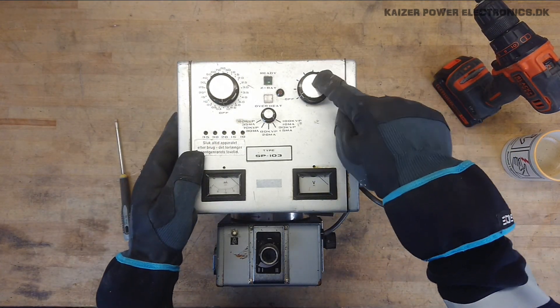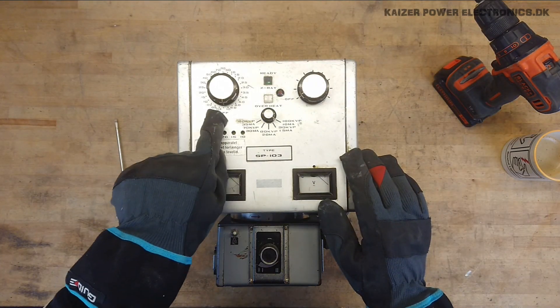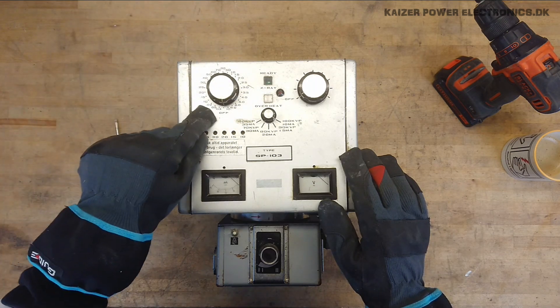We have two off switches. Not quite sure why, because this one has no markings. So it just has a lot of settings here, whereas the other one has second settings. So this is exposure time.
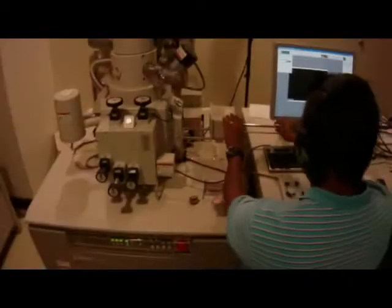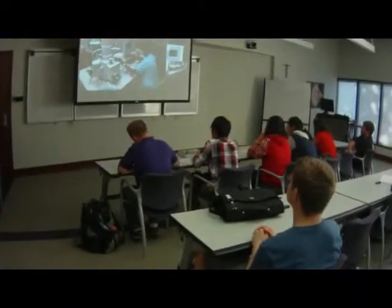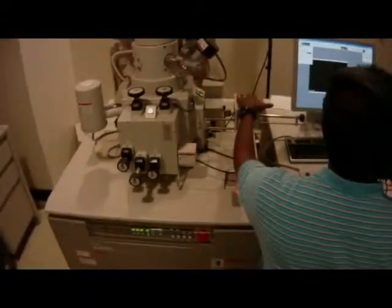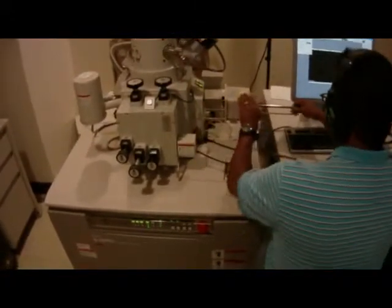The compartment here is where we are putting the sample. I'm lowering the sample into this, so it should work out fine. That door is closed, so you can't put anything in.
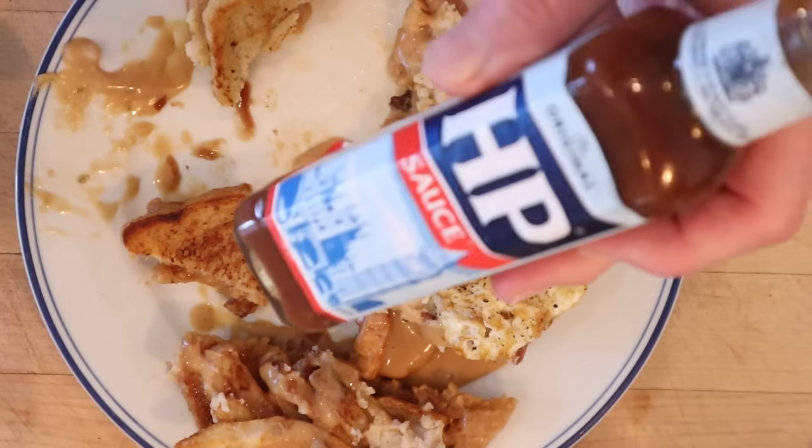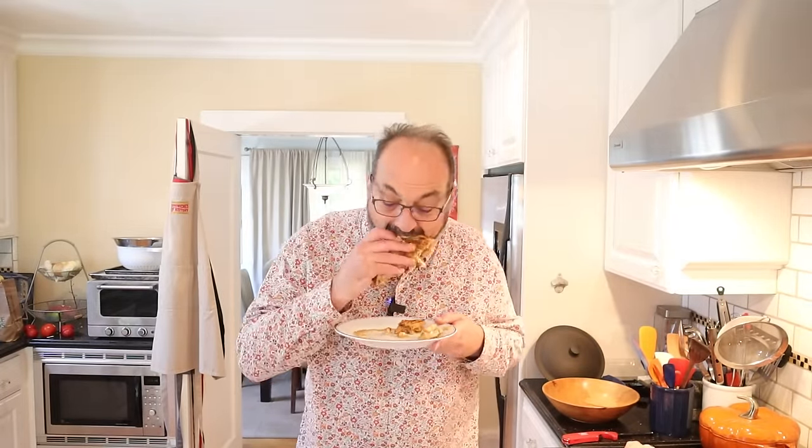I just had an idea for a third plus-up — that's right, a third plus-up. I'm going to add a fried egg and HP sauce. Let's give this gravy cheese grilled cheese sandwich plus stuff with a fried egg and some HP sauce a go. Oh, that is ridiculously good.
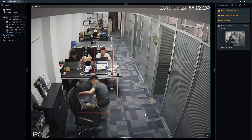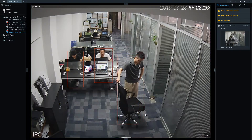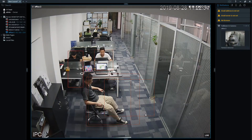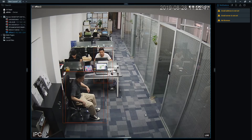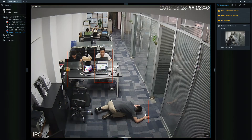Can we move to the next posture? Now, if he just sits down fast on his chair to take a rest, the alarm won't go off because it is sitting on the chair, not falling on the ground. But if he falls down on the floor again, the alarm will definitely pop up on the right.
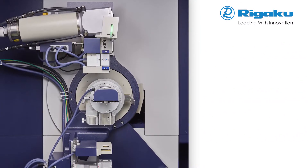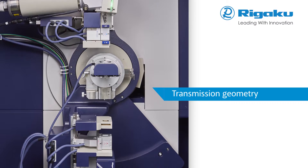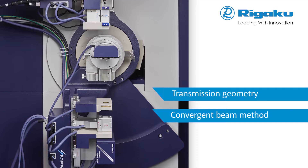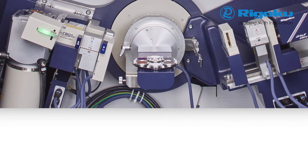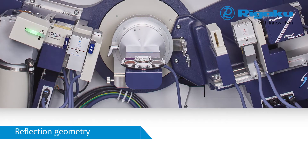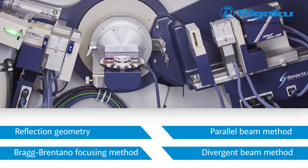X-ray powder diffraction identifies crystallographic phases in a sample and quantifies them. Transmission geometry is known to cancel preferred orientation of a powder sample, and is employed with the convergent beam and parallel beam methods. SmartLab SE supports both reflection and transmission geometries with high sensitivity, thanks to advanced detector technologies. Reflection geometries are employed with the Bragg-Brentano focusing method, as well as the parallel beam and divergent beam methods.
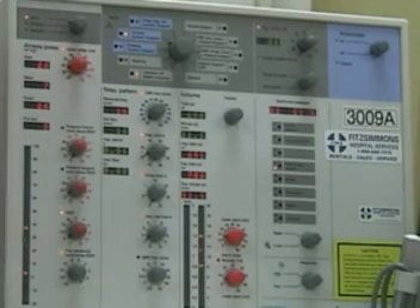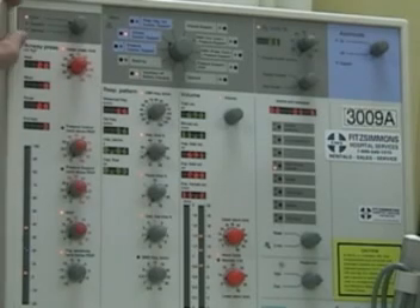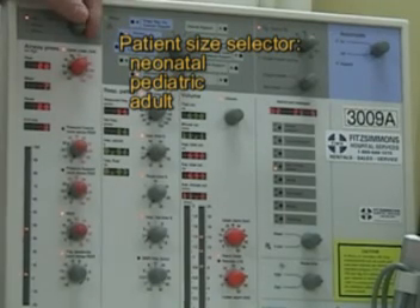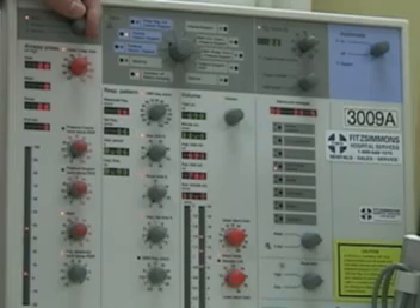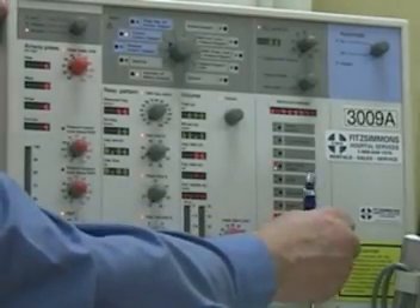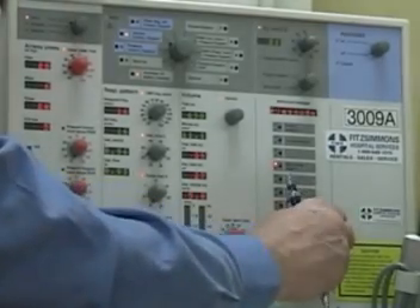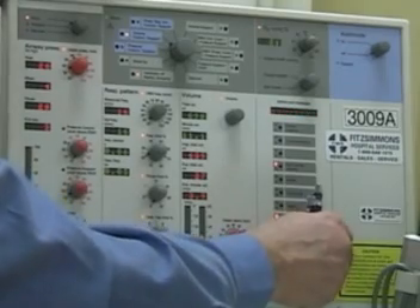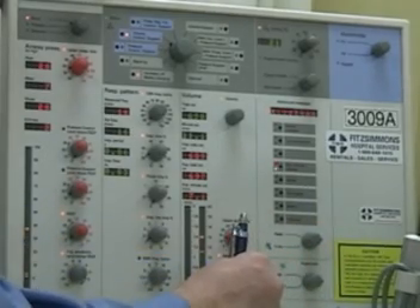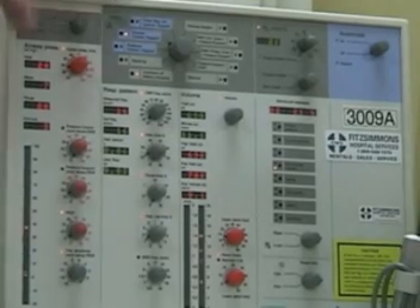There are columns of information on the 300 ventilator. This column starts with the neo, pediatric, and adult selection, which sets your ranges and alarms. In neo mode the alarms are much different than in adult mode, as is the delivery of ventilator parameters. Changing this setting also changes the configuration of the volumes that the patient receives.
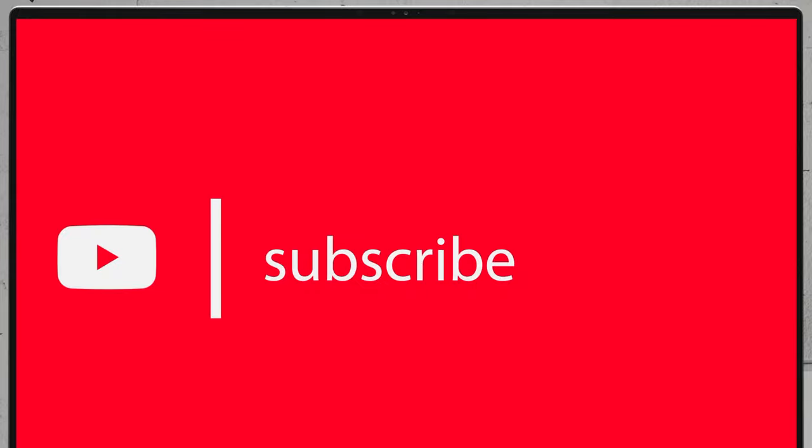If you'd like to see more disassembly videos of the latest notebooks, we would highly appreciate if you hit the like button and subscribe to the channel. Thank you.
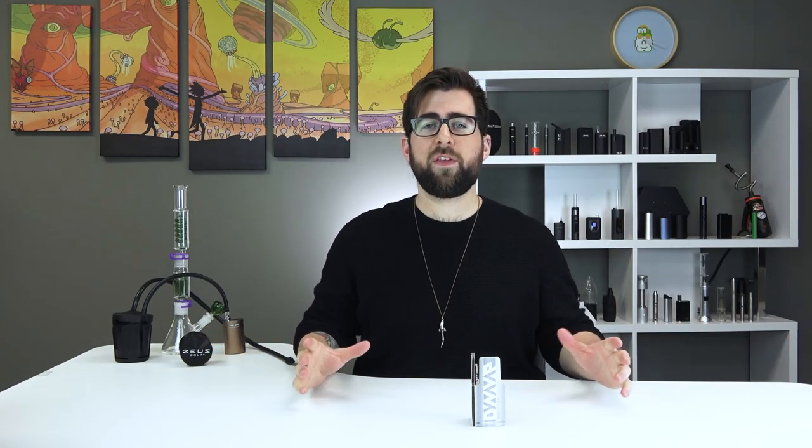This is Alex coming at you for TVTV in the studio with a very special video for you today. Today we have the new Dynavap 2020M in all of its glory. I'm super excited to dive into this. They've changed the tip, the cap, the body, the airport, and the packaging that it comes in. So there's a lot to get excited about. We're going to dive in and see what's up.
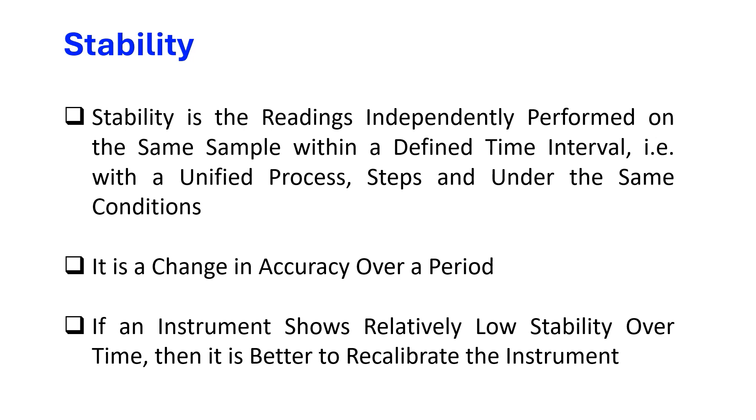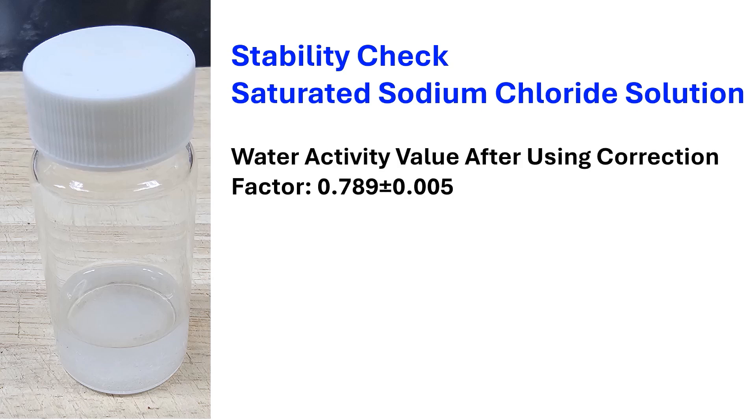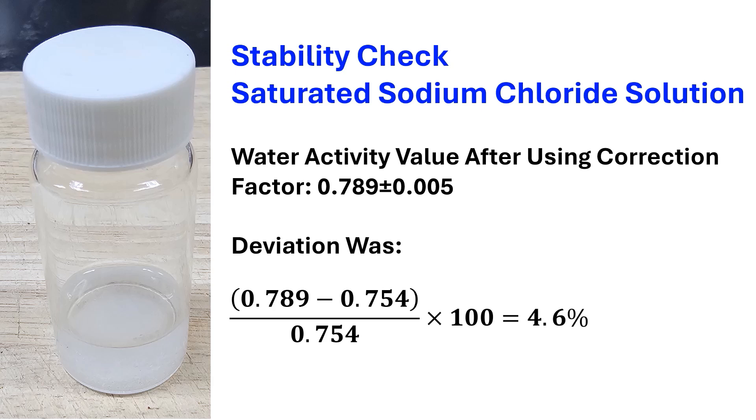Stability is also considered as drift, which is a measurement error caused by the gradual shift in measured values over time. We measured the water activity of saturated salt solution of sodium chloride again after five days in order to see the stability of the water activity meter. The average value of five replicates was 0.789 with a standard deviation of 0.005. The deviation was estimated as 4.6%. Therefore, it is better to calibrate the water activity meter from time to time.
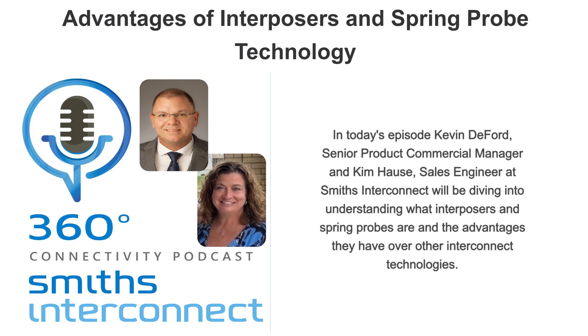What kind of advantages would you see using an interposer compared to another style of connector in board-to-board applications? Spring probe interposers generally have more compliance than other interposer designs, such as bent metal contacts, which typically have a shorter working range. Another advantage is improved efficiency in manufacturing. Most customers' applications use compression mounting, as it completely eliminates the use of solder in assembly, reducing costs and process time.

_WORK ITEM:_
Write out the data above in full and exactly, but not the pictures.

_SOLUTION TO THIS PROBLEM:_
We have two off switches. Not quite sure why, because this one has no markings. So it just has a lot of settings here, whereas the other one has second settings. So this is exposure time.
The compartment here is where we are putting the sample. I'm lowering the sample into this, so it should work out fine. That door is closed, so you can't put anything in.
I just had an idea for a third plus-up — that's right, a third plus-up. I'm going to add a fried egg and HP sauce. Let's give this gravy cheese grilled cheese sandwich plus stuff with a fried egg and some HP sauce a go. Oh, that is ridiculously good.
Can we move to the next posture? Now, if he just sits down fast on his chair to take a rest, the alarm won't go off because it is sitting on the chair, not falling on the ground. But if he falls down on the floor again, the alarm will definitely pop up on the right.
X-ray powder diffraction identifies crystallographic phases in a sample and quantifies them. Transmission geometry is known to cancel preferred orientation of a powder sample, and is employed with the convergent beam and parallel beam methods. SmartLab SE supports both reflection and transmission geometries with high sensitivity, thanks to advanced detector technologies. Reflection geometries are employed with the Bragg-Brentano focusing method, as well as the parallel beam and divergent beam methods.
There are columns of information on the 300 ventilator. This column starts with the neo, pediatric, and adult selection, which sets your ranges and alarms. In neo mode the alarms are much different than in adult mode, as is the delivery of ventilator parameters. Changing this setting also changes the configuration of the volumes that the patient receives.
If you'd like to see more disassembly videos of the latest notebooks, we would highly appreciate if you hit the like button and subscribe to the channel. Thank you.
This is Alex coming at you for TVTV in the studio with a very special video for you today. Today we have the new Dynavap 2020M in all of its glory. I'm super excited to dive into this. They've changed the tip, the cap, the body, the airport, and the packaging that it comes in. So there's a lot to get excited about. We're going to dive in and see what's up.
Stability is also considered as drift, which is a measurement error caused by the gradual shift in measured values over time. We measured the water activity of saturated salt solution of sodium chloride again after five days in order to see the stability of the water activity meter. The average value of five replicates was 0.789 with a standard deviation of 0.005. The deviation was estimated as 4.6%. Therefore, it is better to calibrate the water activity meter from time to time.
What kind of advantages would you see using an interposer compared to another style of connector in board-to-board applications? Spring probe interposers generally have more compliance than other interposer designs, such as bent metal contacts, which typically have a shorter working range. Another advantage is improved efficiency in manufacturing. Most customers' applications use compression mounting, as it completely eliminates the use of solder in assembly, reducing costs and process time.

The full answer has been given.